Turkey has previously said its troops were in Idlib to prevent clashes there, and that their positions were being co-ordinated beforehand. Mr Erdogan warned last week that Turkey would respond militarily if its soldiers in the region were threatened in any way. Syria's Sana state news agency said that "no injuries or damage were reported" in the Turkish strikes. It said Syrian government troops were continuing their offensive in Idlib, "liberating" several villages in the province.
Meanwhile, the Syrian Observatory for Human Rights, a UK-based monitoring group, reported that six Syrian soldiers were killed in the Turkish strikes.
The strains are beginning to show in the relationship between Turkey and the Syrian regime, which in turn is souring ties between Ankara and Moscow. This was never going to be a marriage made in heaven, Turkey having funded and armed opponents of the government from the outset of the Syrian crisis with the explicit aim of removing President Bashar al-Assad from power.

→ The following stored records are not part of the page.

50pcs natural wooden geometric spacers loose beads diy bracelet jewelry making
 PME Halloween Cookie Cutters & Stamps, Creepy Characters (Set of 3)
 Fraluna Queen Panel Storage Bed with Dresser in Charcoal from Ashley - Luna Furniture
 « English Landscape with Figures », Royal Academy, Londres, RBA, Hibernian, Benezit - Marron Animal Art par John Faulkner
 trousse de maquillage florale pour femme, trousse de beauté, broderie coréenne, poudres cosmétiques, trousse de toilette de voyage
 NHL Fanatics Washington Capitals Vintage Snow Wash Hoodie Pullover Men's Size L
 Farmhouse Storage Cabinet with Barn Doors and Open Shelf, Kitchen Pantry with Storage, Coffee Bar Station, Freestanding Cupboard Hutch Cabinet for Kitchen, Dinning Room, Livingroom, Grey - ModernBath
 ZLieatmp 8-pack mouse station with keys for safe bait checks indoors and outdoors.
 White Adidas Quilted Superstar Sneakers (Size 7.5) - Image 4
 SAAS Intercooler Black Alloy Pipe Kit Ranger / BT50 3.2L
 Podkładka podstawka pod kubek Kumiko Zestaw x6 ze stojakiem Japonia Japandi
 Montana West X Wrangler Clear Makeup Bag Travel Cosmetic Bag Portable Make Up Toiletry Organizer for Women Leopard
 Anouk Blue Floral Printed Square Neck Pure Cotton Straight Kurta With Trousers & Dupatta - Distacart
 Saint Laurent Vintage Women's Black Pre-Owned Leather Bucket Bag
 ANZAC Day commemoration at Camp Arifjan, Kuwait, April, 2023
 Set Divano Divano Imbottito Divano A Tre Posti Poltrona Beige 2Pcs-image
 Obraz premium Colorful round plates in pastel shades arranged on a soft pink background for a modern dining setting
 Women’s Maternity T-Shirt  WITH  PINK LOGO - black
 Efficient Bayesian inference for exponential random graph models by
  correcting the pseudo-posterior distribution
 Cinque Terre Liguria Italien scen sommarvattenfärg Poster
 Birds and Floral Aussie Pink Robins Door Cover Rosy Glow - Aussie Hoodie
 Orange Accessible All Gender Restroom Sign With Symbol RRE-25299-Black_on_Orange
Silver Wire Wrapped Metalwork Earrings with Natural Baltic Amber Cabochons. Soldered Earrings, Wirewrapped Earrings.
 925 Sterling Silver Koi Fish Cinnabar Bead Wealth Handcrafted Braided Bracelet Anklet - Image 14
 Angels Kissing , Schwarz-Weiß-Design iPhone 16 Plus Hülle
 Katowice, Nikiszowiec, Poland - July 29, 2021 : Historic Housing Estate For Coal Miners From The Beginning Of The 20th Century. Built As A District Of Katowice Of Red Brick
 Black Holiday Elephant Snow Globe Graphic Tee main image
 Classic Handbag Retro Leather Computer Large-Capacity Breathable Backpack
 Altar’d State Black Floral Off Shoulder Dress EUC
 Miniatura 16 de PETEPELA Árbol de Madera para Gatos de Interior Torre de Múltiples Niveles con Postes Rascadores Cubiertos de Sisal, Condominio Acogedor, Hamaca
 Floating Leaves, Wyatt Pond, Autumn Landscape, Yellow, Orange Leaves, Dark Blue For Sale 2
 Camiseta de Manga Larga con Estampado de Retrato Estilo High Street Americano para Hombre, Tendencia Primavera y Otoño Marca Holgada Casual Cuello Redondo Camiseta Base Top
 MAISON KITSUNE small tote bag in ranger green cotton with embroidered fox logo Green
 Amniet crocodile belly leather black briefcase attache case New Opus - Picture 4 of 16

However, when it became clear that President Assad's survival was assured, President Erdogan decided to change tack and sought out a better relationship with both Damascus and Moscow. This, he believed, was the best way to secure Turkey's own strategic interests in Syria. But Turkey's goals are incompatible with those of the other players.
Russia's backing for a Syrian government offensive in Idlib province suggests that Moscow is choosing its long-time Syrian ally over Ankara. The localised shelling between Syrian and Turkish forces indicates that the diplomatic tensions present from the outset are now expressing themselves in outright fighting on the ground.
For endangered civilians, many of whom have been displaced by the government offensive, it makes the end game in Idlib that much more dangerous. In 2017, Turkey and Russia signed a "de-escalation" deal on Idlib, which came into force a year later.
The two sides agreed to jointly patrol the area to prevent clashes between the opposition and Syrian government troops. Turkey, which has 12 military observation posts in the region, has accused Russia of violating the agreement, a claim Moscow denies.
There are 3.6 million Syrian refugees in Turkey, and the president has said it would not be able to handle a fresh influx of displaced people.